ぎっくり腰といううそ。
*「ぎっくり腰」というのは、思えばヘンテコな名前だ。だって、痛みの擬音って「ズキっ」とか「ちくちく」とかでしょう。「ぎっくり」痛かったことなんて、人生であるだろうか。どちらかといえば「ぎっくり」は、嘘がバレたときの擬音だ。「あなた、実はかくしごとしてるでしょう?」「(ぎっくり)し、してないよ。おいらがやってるのは書く仕事さ」なんてなもんだ。
「ぎっくり腰」という名前は、どうやって付けられたんだろうか。僕も一度だけ、ぎっくり腰になったことはあるんだけど、ほんとうに「ぎっくり」なんだよね。ほんと、いきなり来て、それが起こる前と後じゃ取れる行動が違う。立ち上がって走れたのが、急に立ち上がることもできなくなる。いわば、「嘘に気づいた」ような状態に近い。「おれの腰は、もうやばかったんだ!」って身体が気付いて「うそ」がバレたもんだから、そこからはもう「うそ」が通用しなくなったというか。
似たようなことはけっこうあるみたいだ。「切られたことに気付く」とか「自分の腕がないことを目で見て気づいてショック死する」とかね。ぜんぜん熱くない鉄をおでこに当てられて、火傷するなんてのも逆だけどそうだ。騙し騙しやっていたことを、気付いたことで「うそ」がバレ、本当になってしまう。思えば、人間の「騙す機能」というか、「思い込み」とか「信じる」力は、ものすごく強い作用を生むんだと思う。

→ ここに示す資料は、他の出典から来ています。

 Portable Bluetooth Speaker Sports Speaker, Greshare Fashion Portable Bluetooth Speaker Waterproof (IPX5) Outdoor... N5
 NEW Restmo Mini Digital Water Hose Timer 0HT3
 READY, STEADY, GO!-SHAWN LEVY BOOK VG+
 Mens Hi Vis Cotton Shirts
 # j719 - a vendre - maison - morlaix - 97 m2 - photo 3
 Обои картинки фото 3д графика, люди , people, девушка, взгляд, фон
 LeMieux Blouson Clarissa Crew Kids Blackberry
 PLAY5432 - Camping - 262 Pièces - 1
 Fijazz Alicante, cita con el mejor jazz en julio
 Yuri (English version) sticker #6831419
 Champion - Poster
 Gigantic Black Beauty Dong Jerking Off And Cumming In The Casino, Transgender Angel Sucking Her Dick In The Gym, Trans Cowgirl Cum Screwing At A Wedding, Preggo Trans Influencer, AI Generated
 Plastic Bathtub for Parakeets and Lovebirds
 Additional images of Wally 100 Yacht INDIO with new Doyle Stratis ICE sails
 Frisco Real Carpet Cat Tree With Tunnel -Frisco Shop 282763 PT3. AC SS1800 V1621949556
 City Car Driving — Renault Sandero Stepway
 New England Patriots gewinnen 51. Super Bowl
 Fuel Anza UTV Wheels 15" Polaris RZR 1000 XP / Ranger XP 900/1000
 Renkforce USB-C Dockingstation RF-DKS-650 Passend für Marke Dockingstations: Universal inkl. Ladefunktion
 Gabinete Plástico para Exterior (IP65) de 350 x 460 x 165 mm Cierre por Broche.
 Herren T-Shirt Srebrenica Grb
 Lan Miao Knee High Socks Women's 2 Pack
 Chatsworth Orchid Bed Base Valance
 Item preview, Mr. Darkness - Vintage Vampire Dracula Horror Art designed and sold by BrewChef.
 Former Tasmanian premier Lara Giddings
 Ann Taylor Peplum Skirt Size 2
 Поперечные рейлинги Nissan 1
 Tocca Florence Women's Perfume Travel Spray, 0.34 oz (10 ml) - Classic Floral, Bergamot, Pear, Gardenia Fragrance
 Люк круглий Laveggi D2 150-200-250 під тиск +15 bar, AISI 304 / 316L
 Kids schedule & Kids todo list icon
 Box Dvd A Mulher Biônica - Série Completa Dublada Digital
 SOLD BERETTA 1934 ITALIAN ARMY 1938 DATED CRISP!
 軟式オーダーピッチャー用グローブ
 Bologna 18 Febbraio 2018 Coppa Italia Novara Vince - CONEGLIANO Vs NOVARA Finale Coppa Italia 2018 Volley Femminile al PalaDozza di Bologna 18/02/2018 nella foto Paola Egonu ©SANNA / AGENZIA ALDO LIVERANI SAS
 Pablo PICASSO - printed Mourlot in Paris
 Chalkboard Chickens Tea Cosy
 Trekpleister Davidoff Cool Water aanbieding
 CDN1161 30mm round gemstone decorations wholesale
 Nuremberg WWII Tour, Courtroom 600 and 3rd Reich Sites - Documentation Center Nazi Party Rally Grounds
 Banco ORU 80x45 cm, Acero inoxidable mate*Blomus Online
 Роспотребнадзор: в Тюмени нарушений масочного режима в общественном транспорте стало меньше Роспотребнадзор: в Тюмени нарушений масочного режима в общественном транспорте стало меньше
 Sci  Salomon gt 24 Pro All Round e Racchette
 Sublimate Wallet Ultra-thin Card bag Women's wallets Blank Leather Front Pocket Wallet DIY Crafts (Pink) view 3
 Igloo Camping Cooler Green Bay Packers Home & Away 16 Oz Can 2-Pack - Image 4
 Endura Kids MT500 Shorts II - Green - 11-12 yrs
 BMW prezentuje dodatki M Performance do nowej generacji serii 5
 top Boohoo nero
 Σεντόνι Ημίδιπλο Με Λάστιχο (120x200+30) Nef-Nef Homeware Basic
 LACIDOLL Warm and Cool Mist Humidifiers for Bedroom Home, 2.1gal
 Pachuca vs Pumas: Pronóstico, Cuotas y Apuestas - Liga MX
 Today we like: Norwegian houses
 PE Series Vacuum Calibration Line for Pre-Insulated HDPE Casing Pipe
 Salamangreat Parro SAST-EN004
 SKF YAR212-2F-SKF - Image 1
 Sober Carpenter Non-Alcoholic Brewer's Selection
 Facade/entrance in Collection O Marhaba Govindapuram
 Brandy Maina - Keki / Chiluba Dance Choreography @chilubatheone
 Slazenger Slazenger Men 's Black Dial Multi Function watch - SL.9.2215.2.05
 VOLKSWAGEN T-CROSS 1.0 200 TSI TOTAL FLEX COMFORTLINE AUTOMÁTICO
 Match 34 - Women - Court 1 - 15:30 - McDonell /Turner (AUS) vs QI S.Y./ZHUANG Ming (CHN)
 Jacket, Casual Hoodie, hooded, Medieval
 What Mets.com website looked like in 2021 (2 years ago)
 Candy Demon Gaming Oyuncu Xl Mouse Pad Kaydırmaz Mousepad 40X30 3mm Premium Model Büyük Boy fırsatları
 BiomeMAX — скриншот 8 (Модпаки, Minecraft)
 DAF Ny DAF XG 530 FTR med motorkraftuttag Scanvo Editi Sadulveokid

神様を信じている人は、目の前に起こったことを「神様のおかげ」だと本気で信じれる。「自分はできる」と信じてやまない人が、飛んだことない高さの跳び箱を飛んでゆく。「プラシーボ効果」なんて名前もついているくらい、ぼくたちが何かを「信じる」、反対側の「騙される」能力は高い。みんな上手に何かに騙されながら、生きているんだなぁと思うとおもしろい。
上手に騙される、自分を上手に騙し込むことができたら、世界はもっとおもしろくなるのかもしれない。真実や本質ばかり求めている人が、どうも幸せそうに見えないのは、そのせいなのかなぁ。